To determine the limiting reactant and calculate the amount of nitrogen formed, we need to compare the amount of product that can be formed from each reactant.
1. Calculate the number of moles for each reactant:
- Moles of ammonia (NH3) = mass of ammonia / molar mass of ammonia
- Moles of copper(II) oxide (CuO) = mass of copper(II) oxide / molar mass of copper(II) oxide
2. Determine the stoichiometric ratio between reactants and products:
- The balanced equation is 2NH3 + 3CuO = N2 + 3Cu + 3H2O.
- From the equation, we can see that 2 moles of ammonia react with 3 moles of copper(II) oxide to produce 1 mole of nitrogen.
3. Calculate the maximum moles of nitrogen that can be produced from each reactant:
- Moles of nitrogen from ammonia = moles of ammonia * (1 mole of nitrogen / 2 moles of ammonia)
- Moles of nitrogen from copper(II) oxide = moles of copper(II) oxide * (1 mole of nitrogen / 3 moles of copper(II) oxide)
4. Compare the moles of nitrogen produced from each reactant:
- The reactant that produces the lesser amount of moles of nitrogen is the limiting reactant.
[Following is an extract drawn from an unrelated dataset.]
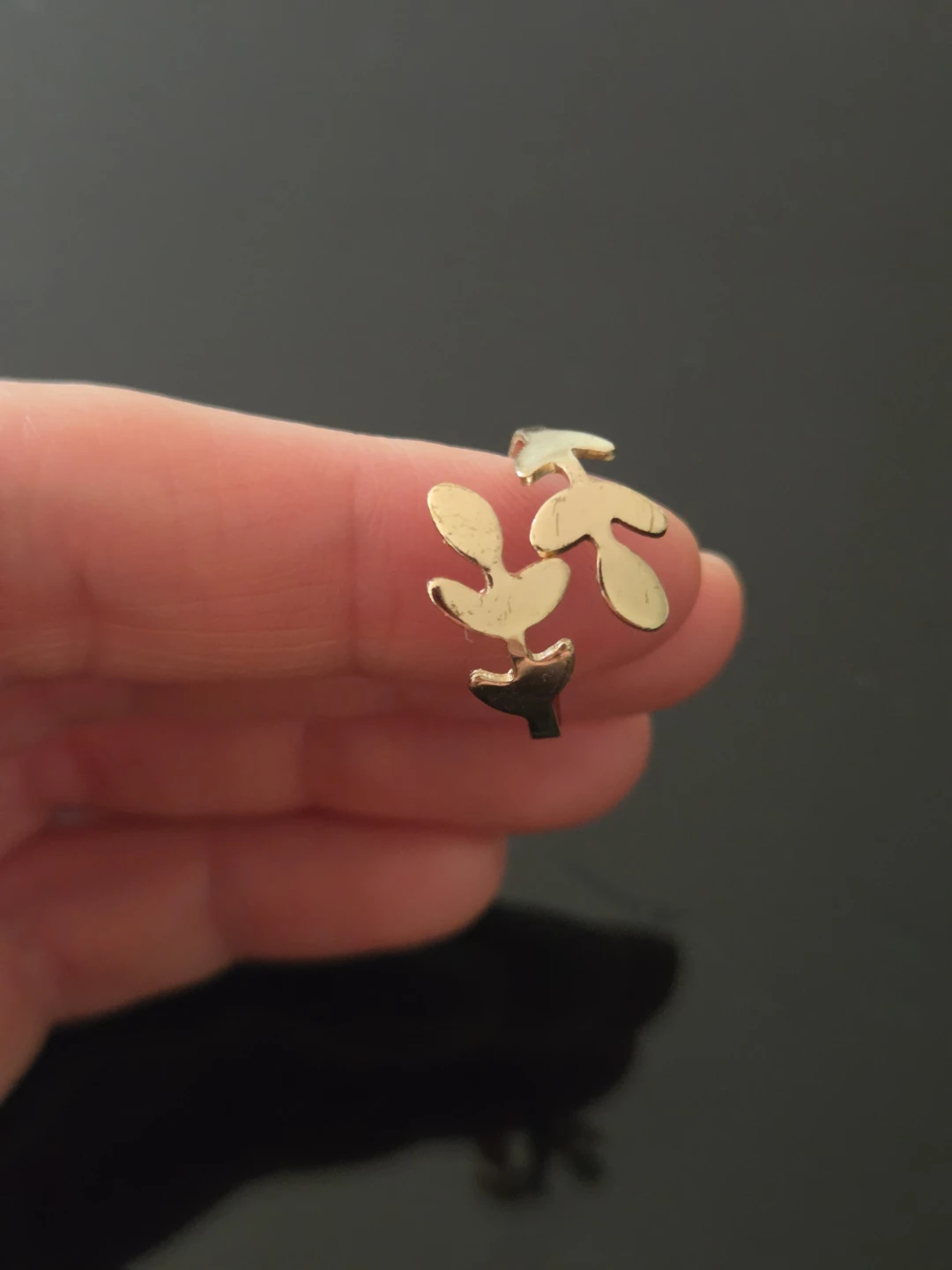 Gold-tone Leaf Ring - photo 3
5. Convert the moles of limiting reactant to grams of nitrogen:
- Grams of nitrogen = moles of limiting reactant * molar mass of nitrogen
Let's do the calculations:
1. Moles of ammonia:
Molar mass of ammonia (NH3) = 14.01 g/mol + 1.01 g/mol (3 hydrogen atoms) = 17.03 g/mol
Moles of ammonia = 18.1 g / 17.03 g/mol ≈ 1.064 mol
2. Moles of copper(II) oxide:
Molar mass of copper(II) oxide (CuO) = 63.55 g/mol + 16.00 g/mol = 79.55 g/mol
Moles of copper(II) oxide = 90.4 g / 79.55 g/mol ≈ 1.136 mol
3. Moles of nitrogen from ammonia:
Moles of nitrogen from ammonia = 1.064 mol * (1 mol N2 / 2 mol NH3) ≈ 0.532 mol
Moles of nitrogen from copper(II) oxide:
Moles of nitrogen from copper(II) oxide = 1.136 mol * (1 mol N2 / 3 mol CuO) ≈ 0.379 mol
4. Comparing moles of nitrogen formed:
The moles of nitrogen formed from ammonia (0.532 mol) is greater than the moles of nitrogen formed from copper(II) oxide (0.379 mol). Therefore, ammonia is the limiting reactant.
5. Grams of nitrogen formed:
Grams of nitrogen = 0.532 mol * 28.01 g/mol ≈ 14.9 g
Therefore, the limiting reactant is ammonia, and approximately 14.9 grams of nitrogen will be formed.
To determine the limiting reactant, we need to compare the amount of product each reactant can produce.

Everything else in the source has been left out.